Today, La Habra Police see the importance of providing a confidential outlet for their officers, dispatchers and civilian employees to talk about the tough part of their jobs.
“In that situation, not everybody is going to want to talk about what they’re going through” said Sgt. Jose Quirarte, Irwin’s supervisor and supervisor of the department’s chaplain program (he is not a peer supporter). “It’s learning how to listen, learning how to be faced with a problem and trying to get that person to a point where they’re able to deal with it.”
Counselors go through training to learn how to handle various types of situations in strict confidence.
Before Peer Support, police employees who went through a traumatic event were offered short-term help from a psychiatrist before returning to work.
While Peer Support offers referrals to mental health services for those who want or need them, what makes the program so successful is the fact those who are giving the counseling have first-hand knowledge of what that officer, dispatcher or civilian employee is going through, Irwin said.
“The best way I can describe it is we are all in this together,” he said. “If we show each other support, it makes the job a lot easier.”
And Peer Support is not restricted to on-the-job issues. Employees, like Coyle, facing emotional struggles outside of work can seek help, too.
“With Peer Support what’s nice is you’re dealing with people who understand what you’re talking about,” Coyle said. “You can open up and talk to them.”
In Coyle’s case, seeking help from former-Marines in the department helped calm his fears, even if only slightly, while his son was deployed.
They were able to explain how things work and even help him narrow down where Josiah was stationed, since the Marine couldn’t disclose his location, Coyle said.
The limited times Coyle spoke with his son he asked a lot of questions.
Do the lights blind out the stars? Does it smell badly?
When the answer was ‘no’, Coyle knew his son was not stationed near a big city.
What was the temperature like? Is it hilly or flat?
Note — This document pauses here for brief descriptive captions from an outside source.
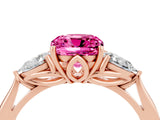 Rose gold Three-Stone Cushion Cut Pink Sapphire Ring with Pear  Side Stones in Four-Prong Setting_16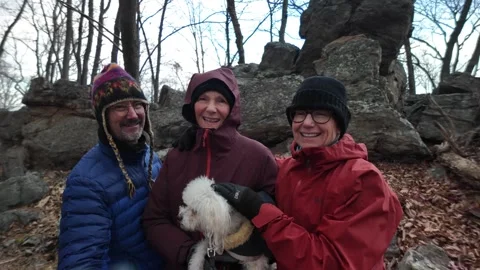 Winter Hike in the Forest Near Berkeley Springs, West Virginia With Friends Stock Footage 296888080
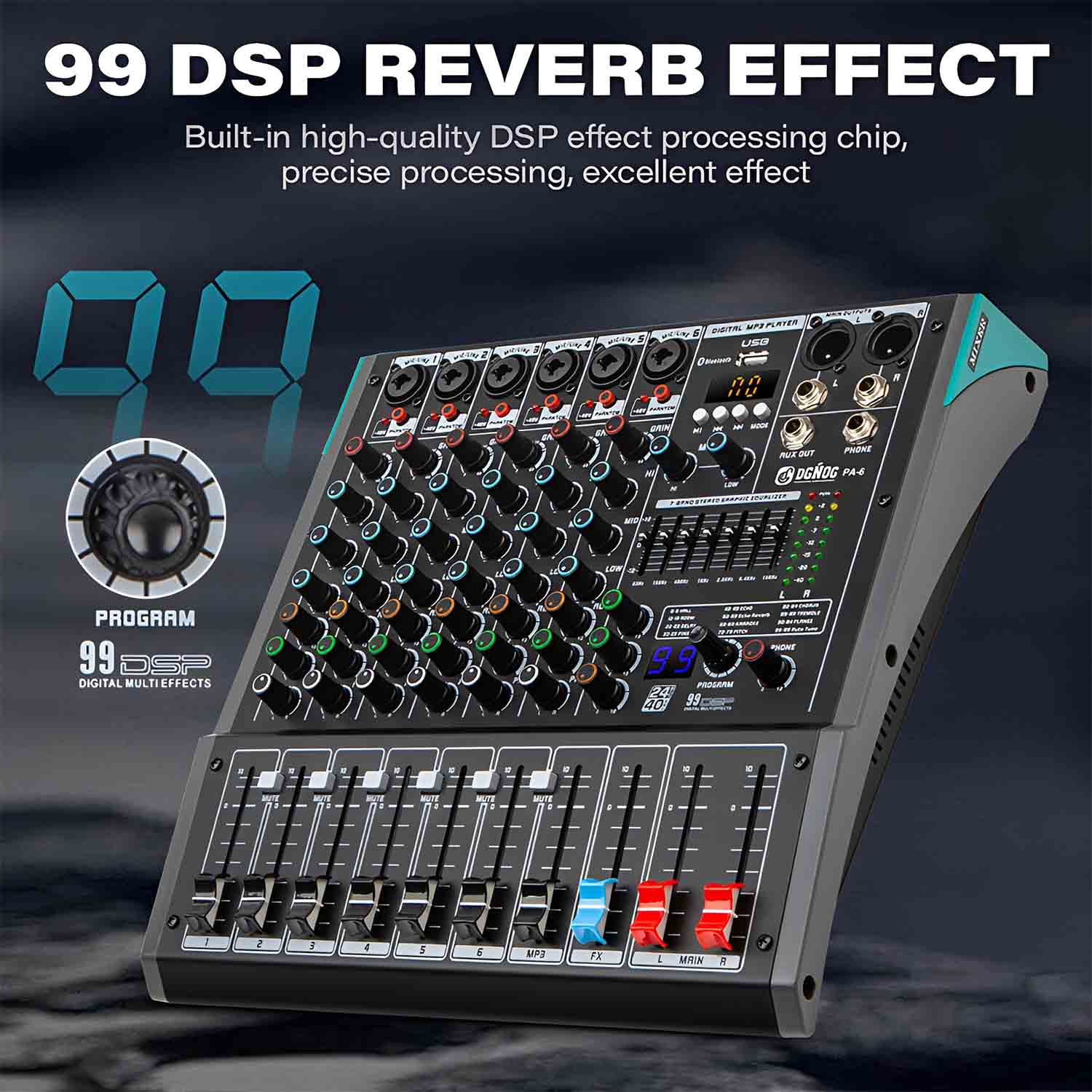 ELEGAUDIO PA-8 8-channel professional mixing console view 3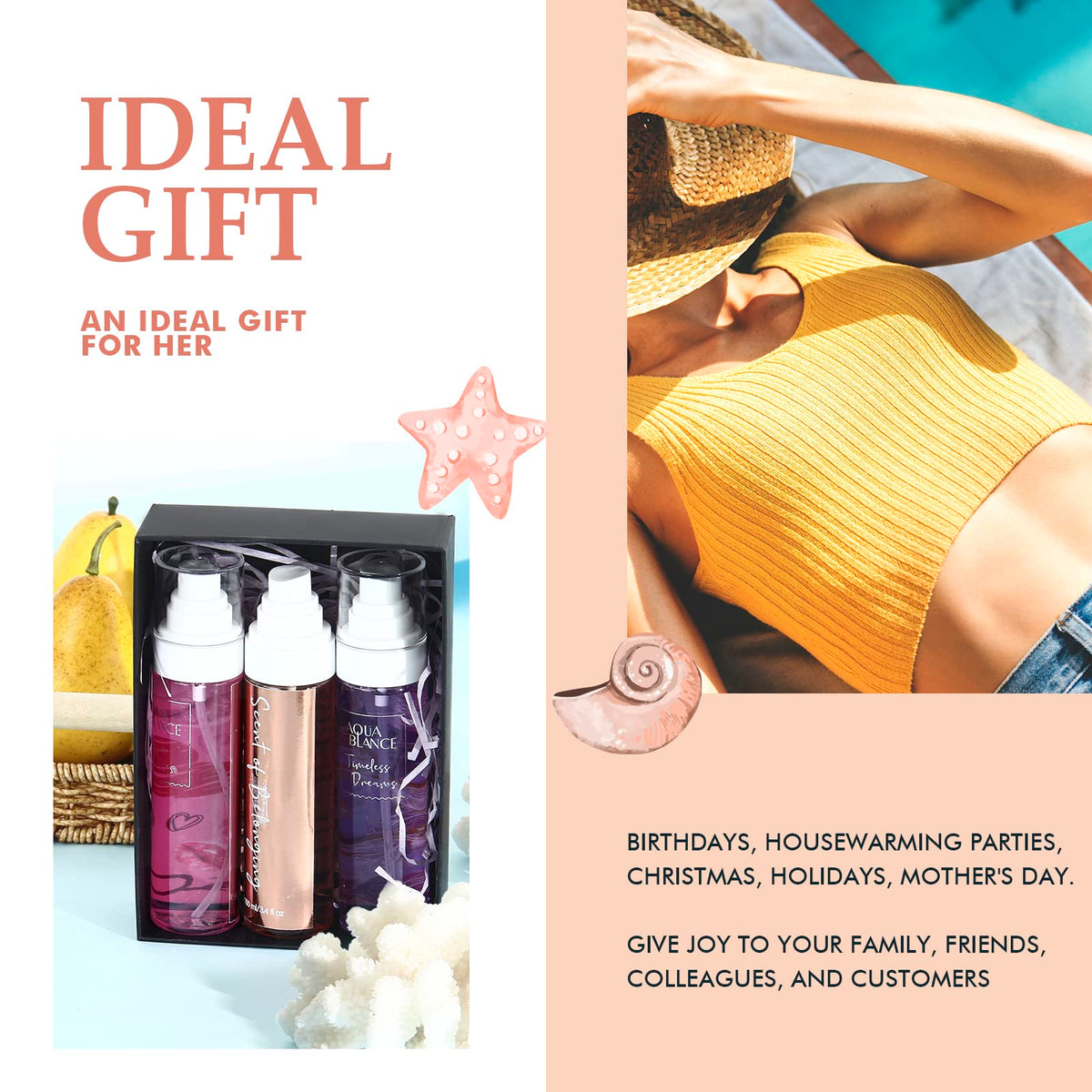 AQUA BLANCE gift set unboxing image highlighting elegant packaging.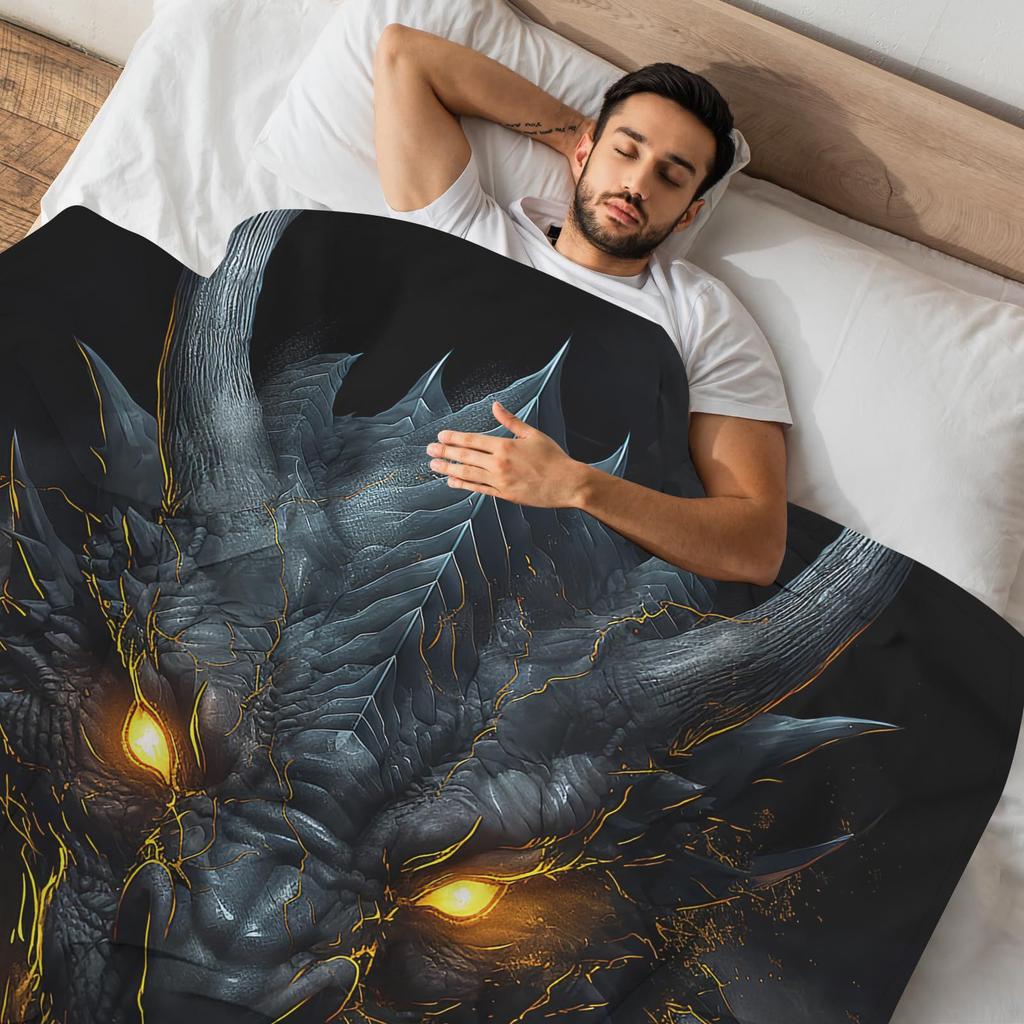 Cool black gold dragon blanket soft flannel blanket living room bedroom sofa office decoration blanket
Eventually, Coyle and his Peer Support counselors were able to figure out his son’s location with near-certainty.
“My wife didn’t want to know where he was, but for me that was all I wanted to know,” Coyle said. “It helped.”
Peer Support was also there when Coyle had to experience his family’s first Thanksgiving and Christmas without their son. The couple and their two daughters also missed celebrating Josiah’s birthday for the first time.
“That was tough,” Coyle said.
Then, one day in April, Coyle walked the halls of the La Habra Police Department and seemed lighter, happier.
His Peer Support colleagues who’d been helping him along took notice.
They said, “‘Your demeanor looks totally different.’ I told them, ‘I just got a phone call two hours ago — my son is out of Iraq,” Coyle said. “I guess you don’t notice how you look on the outside.”
“I definitely got more gray hairs during his deployment.”
Josiah Coyle is now back in the US and stationed at Twentynine Palms in San Bernardino County.
Coyle is thankful to have his son home and said he is grateful for the LHPD program that helped him get through an emotionally trying seven months.
“Here I am, a part of the program itself, and I know what the benefit is,” Coyle said. “But now, I have experienced what the benefit is.”